▸ Task description: From the data below, repeat everything exactly except the images.

===== Data excerpt =====

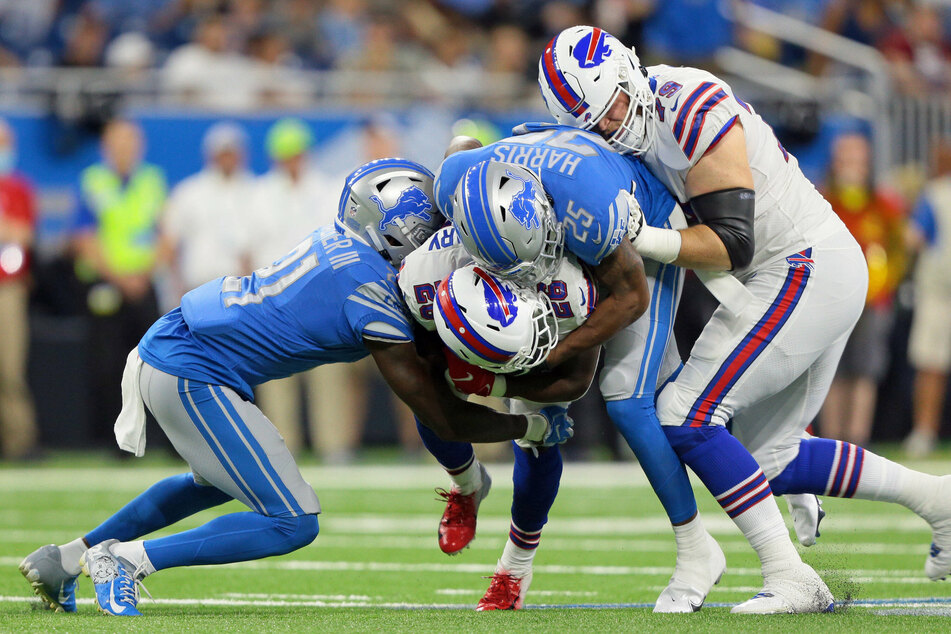 Buffalo Bills running back Devin Singletary was tackled by Detroit Lions defensive back Will Harris during the first half of the preseason football game on Friday night.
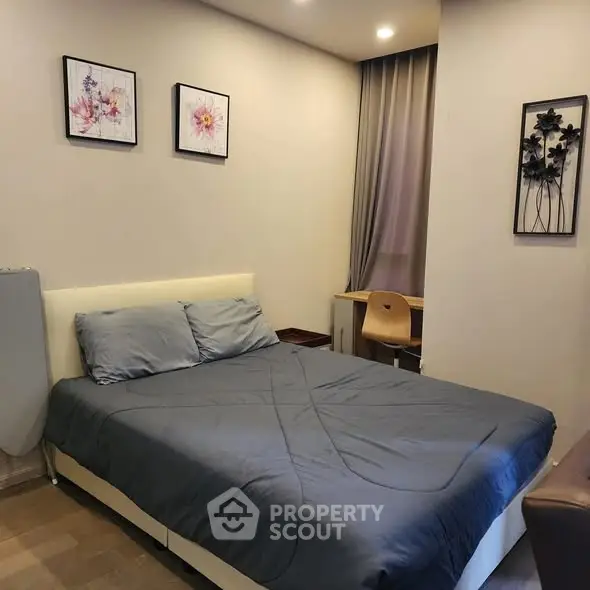 Cozy bedroom with modern decor and comfortable bed in stylish apartment.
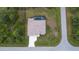 Overhead angle shows a well-maintained home with pool and generous driveway, surrounded by lush greenery at 5435 Montego Ln, Port Charlotte, FL 33981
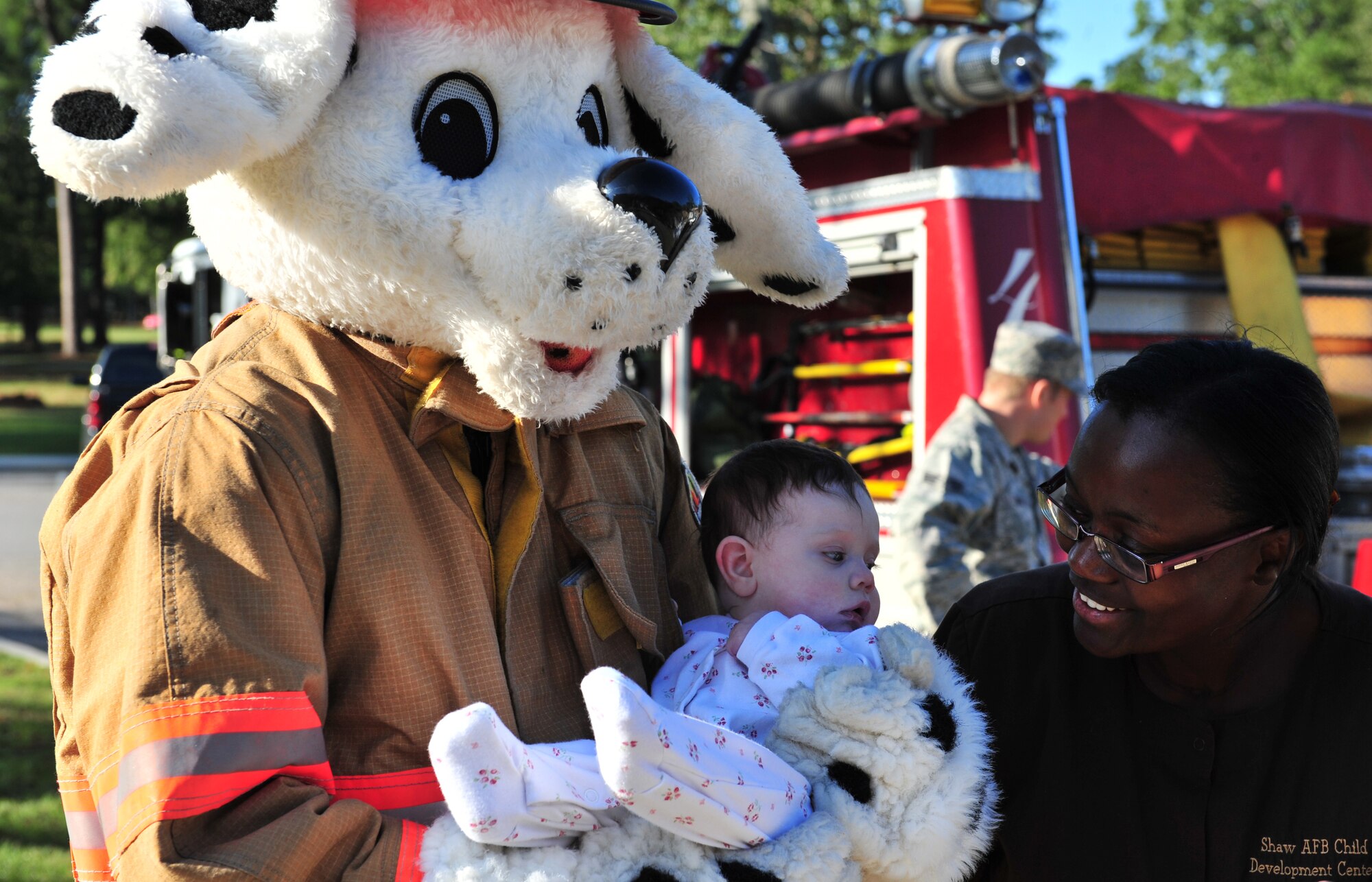 Sparky the Fire Dog holds Oliva Budzko while Brenda Petty, Child Development Center program assistant, tries to get her to smile at the Child Development Center at Shaw Air Force Base, S.C. Oct. 14, 2011. Sparky visited with children from the CDC in support of Fire Prevention Week. (U.S. Air Force photo by Airman 1st Class Amber E. N. Jacobs/Released)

=====

▸ Result of the task:
 Buffalo Bills running back Devin Singletary was tackled by Detroit Lions defensive back Will Harris during the first half of the preseason football game on Friday night.
 Cozy bedroom with modern decor and comfortable bed in stylish apartment.
 Overhead angle shows a well-maintained home with pool and generous driveway, surrounded by lush greenery at 5435 Montego Ln, Port Charlotte, FL 33981
 Sparky the Fire Dog holds Oliva Budzko while Brenda Petty, Child Development Center program assistant, tries to get her to smile at the Child Development Center at Shaw Air Force Base, S.C. Oct. 14, 2011. Sparky visited with children from the CDC in support of Fire Prevention Week. (U.S. Air Force photo by Airman 1st Class Amber E. N. Jacobs/Released)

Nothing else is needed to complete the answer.